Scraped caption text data
____
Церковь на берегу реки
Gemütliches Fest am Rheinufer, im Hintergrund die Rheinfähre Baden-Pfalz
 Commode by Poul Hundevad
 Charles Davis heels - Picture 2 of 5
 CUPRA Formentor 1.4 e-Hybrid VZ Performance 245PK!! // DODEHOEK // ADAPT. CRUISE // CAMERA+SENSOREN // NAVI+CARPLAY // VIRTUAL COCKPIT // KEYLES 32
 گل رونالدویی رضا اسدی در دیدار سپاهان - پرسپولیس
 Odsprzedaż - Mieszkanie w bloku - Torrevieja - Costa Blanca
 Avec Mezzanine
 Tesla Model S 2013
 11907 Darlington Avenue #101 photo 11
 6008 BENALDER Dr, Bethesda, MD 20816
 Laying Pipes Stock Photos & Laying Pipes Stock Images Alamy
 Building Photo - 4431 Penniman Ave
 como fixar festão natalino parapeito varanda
____
• **Exercise**:
Set out the records again, exactly as they appear above.

• **Task answer**:
Церковь на берегу реки
Gemütliches Fest am Rheinufer, im Hintergrund die Rheinfähre Baden-Pfalz
 Commode by Poul Hundevad
 Charles Davis heels - Picture 2 of 5
 CUPRA Formentor 1.4 e-Hybrid VZ Performance 245PK!! // DODEHOEK // ADAPT. CRUISE // CAMERA+SENSOREN // NAVI+CARPLAY // VIRTUAL COCKPIT // KEYLES 32
 گل رونالدویی رضا اسدی در دیدار سپاهان - پرسپولیس
 Odsprzedaż - Mieszkanie w bloku - Torrevieja - Costa Blanca
 Avec Mezzanine
 Tesla Model S 2013
 11907 Darlington Avenue #101 photo 11
 6008 BENALDER Dr, Bethesda, MD 20816
 Laying Pipes Stock Photos & Laying Pipes Stock Images Alamy
 Building Photo - 4431 Penniman Ave
 como fixar festão natalino parapeito varanda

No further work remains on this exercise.